Mr Odinga still has unfinished political business and this is certainly not the time for him to exit the political scene. In fact judging from the parliamentary numbers that are heavily skewed in favour of the President, the Orange Democratic Movement (ODM) leader has a huge task of balancing the equation hopefully through pending petitions against Jubilee Party allied legislators.

This will not come easy as he must first pull off victory in the courts and proceed to register victory at the ballot after marshalling support on the ground.

As well as the President, who has his legacy to think about once he is sworn in for a second term, Mr Odinga too has political succession headaches to deal with – at his local Nyanza region and national levels. The birth of a new baby – National Resistance Movement (NRM) – is partly geared at achieving this feat.        

Nonetheless the idea of NRM introduces new challenges and even confusion. Although Mr Odinga says NRM is the transformed outfit of the Nasa coalition, these swift changes in name begs some questions. Is the Odinga team officially discarding the Nasa outfit? If this is the case, will it proceed to its anticipated repeat polls as NRM? And is NRM an already registered entity or is it just a vessel geared at defying government and pushing for a political agenda?

NRM OUTFIT

Senior constitutional lawyer Gabriel Mukele opines that the shift from Nasa to NRM is bound to undermine Mr Odinga’s quest for the country’s top seat. According to the ex-vice chairman of the now defunct Electoral Commission of Kenya (ECK), the NRM outfit is not an appropriate vehicle for Mr Odinga’s immediate goal to ascend to the presidency.

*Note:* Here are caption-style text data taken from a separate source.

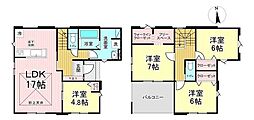 東中田5期　2号棟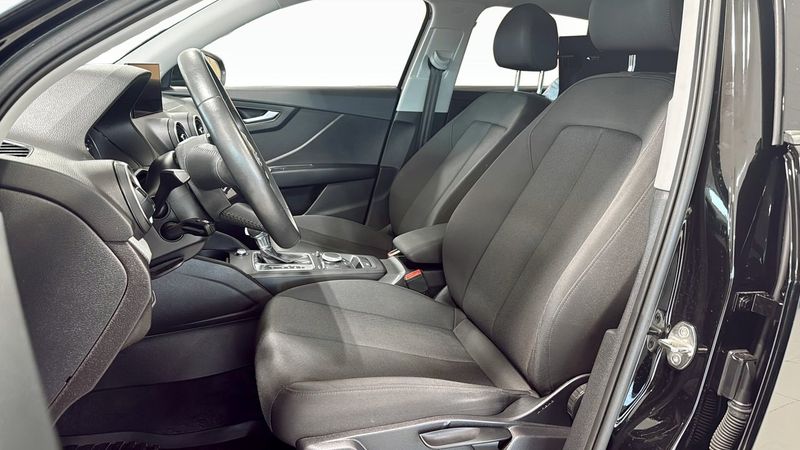 Audi Q2 bild 10
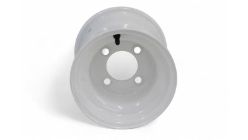 Bobcat 53-065-01 8 x 7 White Rim Centered - BOB 53-065-01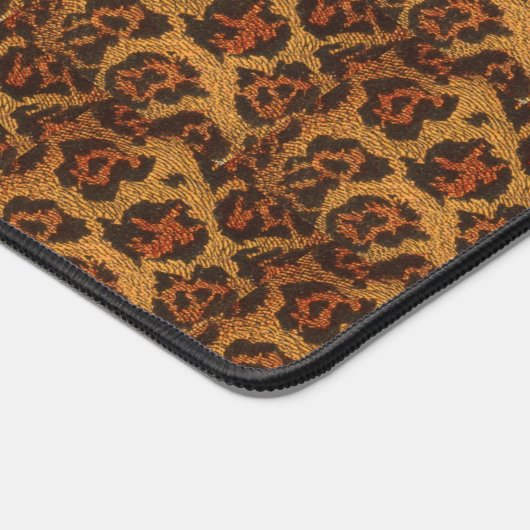 Empreinte de léopard vintage (Coin)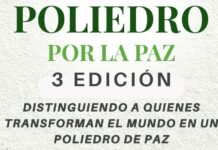 León XIV | Poliedro por la Paz es un valioso signo de esperanza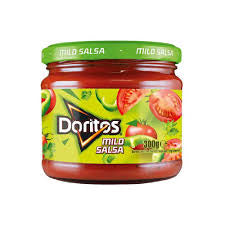 Doritos Mild Salsa (300g)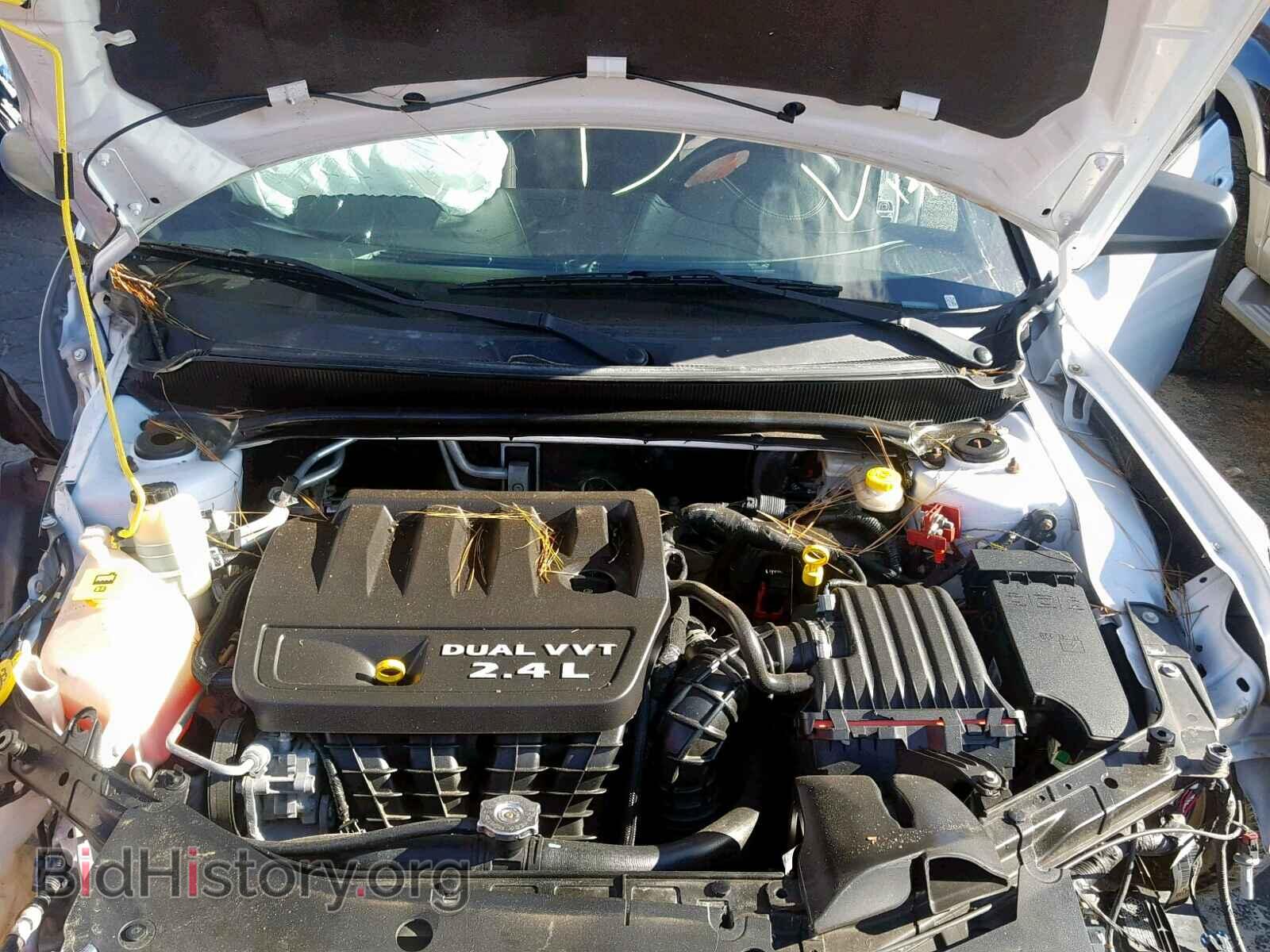 2013 DODGE AVENGER - VIN: 1C3CDZAB4DN563846 - Photo 7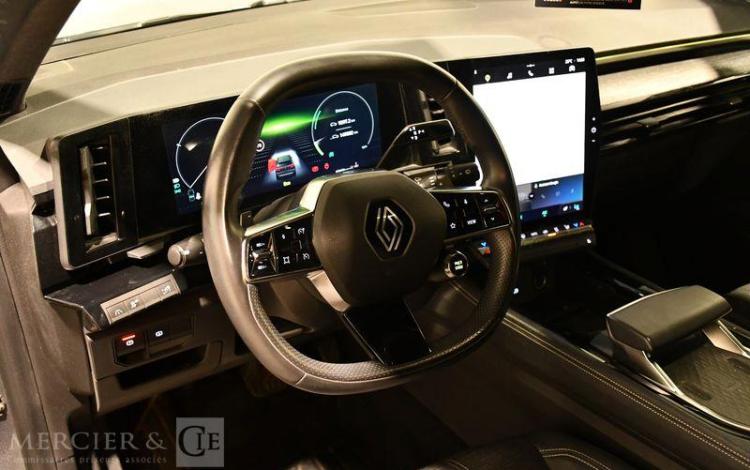 RENAULT AUSTRAL TECHNO MILD HYBRID 160 AUTO GRIS GN-442-QD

“Ideally NRM disrupts Raila’s quest for the presidency. This is supposed to be a continuous journey which kicked off at the ballot in August, and it is on these grounds that the Nasa candidate ought to pursue his case. Judges are bound to shy away from this new NRM idea,” says Mr Mukele. 

Senate Majority Leader Kipchumba Murkomen shares this view. NRM, he argues, is legally an unknown entity to the electoral body and has neither a place in the Kenyan elections nor business engaging the Independent Electoral and Boundaries Commission (IEBC) in any discussion. Coining the meaning of NRM to “national rebel movement”, the Jubilee Party’s senior political operative maintains that only Nasa is known to Kenyans.
However, Political Science lecturer at the University of Nairobi, Dr George Katete, lauds the idea of a resistance movement.

REBELLION

According to Katete, the notion behind the movement practically captures the dire situation in the country where a section of Kenyans feel excluded from the government of the day: “This is not about rebellion against the government but rather a movement to resist continuous political and social injustices and in particular the apparent profiling of an ethnic community, whose members have been murdered in large numbers during this electioneering period.”      

Nairobi-based lawyer, Harun Ndubi, projects that the courts will be swamped by a series of litigations immediately the IEBC proclaims a winner.

Mr Ndubi himself is representing three voters who are challenging the legality and credibility of the Thursday polls. His case was destined for hearing and determination on the eve of election day but flopped owing to a quorum hitch on the Supreme Court bench.

LEGAL POSITION

“Over and above the politicians’ partisan views and my own legal position that the Thursday poll is invalid, there is need for an urgent sober conversation on the way forward for our country. Judging from the figures of the Thursday poll, for instance, Kenyatta is the legal President but there is also Raila, who is the leader whom majority of Kenyans listened to and kept away from the poll stations,” observes Ndubi.

Noting that a government derives legitimacy through the people, Ndubi opines that Mr Kenyatta cannot solely symbolise national unity and must therefore come down and dialogue with Mr Odinga so that both can work on an all inclusive government. In the meantime, he says, the political and legal battle shall continue to dominate the scene.